Task:
From the line with "Комплект мийки на" to the line with "Vibrant dholak drum", retype each line exactly as it stands in the records below, but skip the pictures.

Source material:
————————

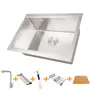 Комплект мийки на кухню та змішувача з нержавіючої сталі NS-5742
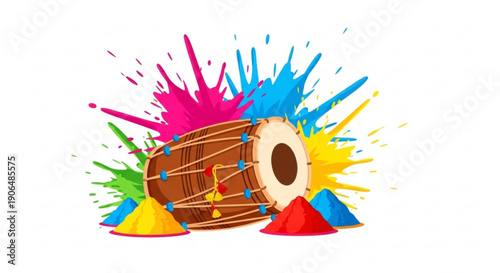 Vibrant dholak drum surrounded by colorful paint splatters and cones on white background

————————

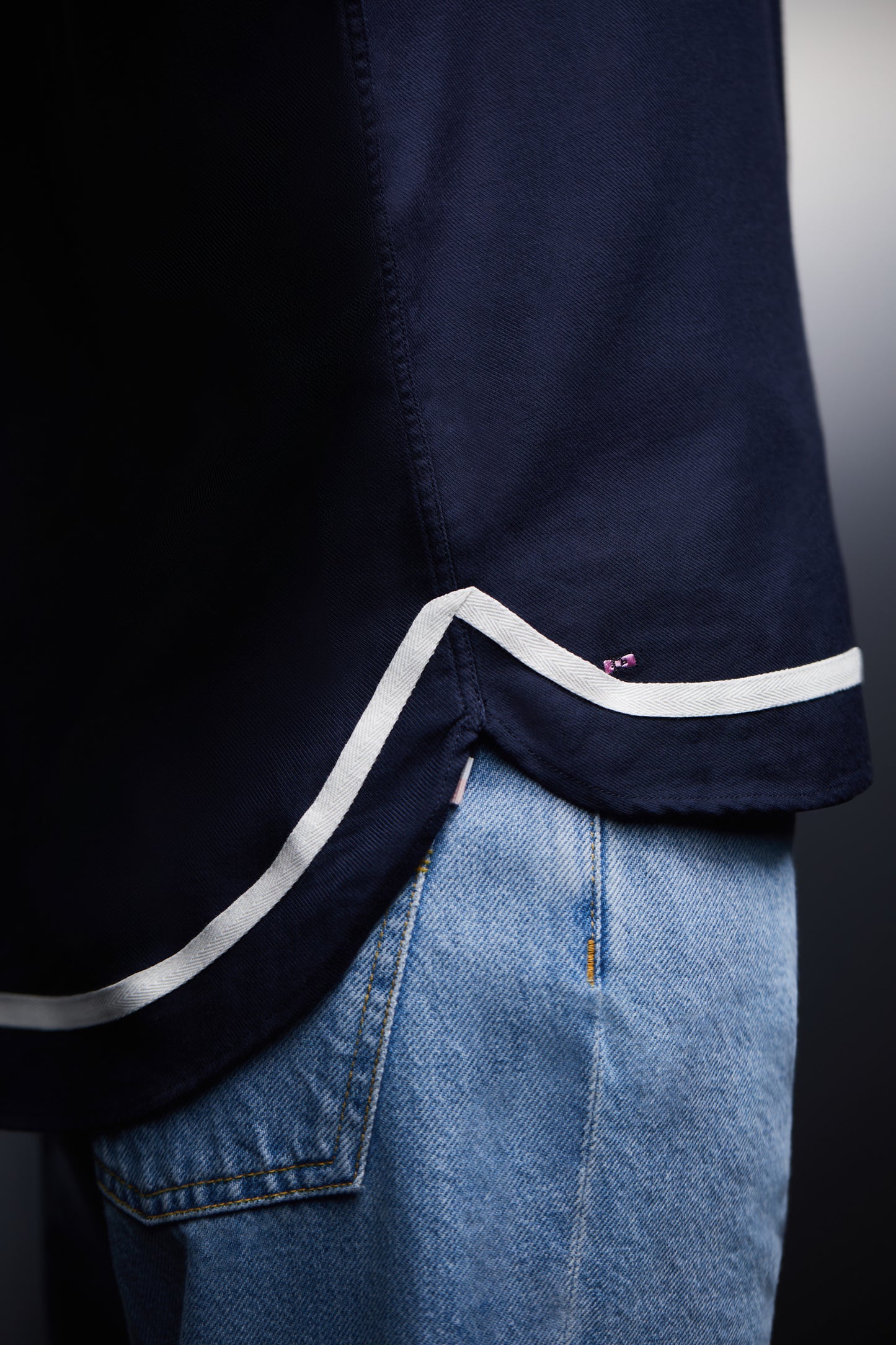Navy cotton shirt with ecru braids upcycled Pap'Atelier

————————

Task result:
 Комплект мийки на кухню та змішувача з нержавіючої сталі NS-5742
 Vibrant dholak drum surrounded by colorful paint splatters and cones on white background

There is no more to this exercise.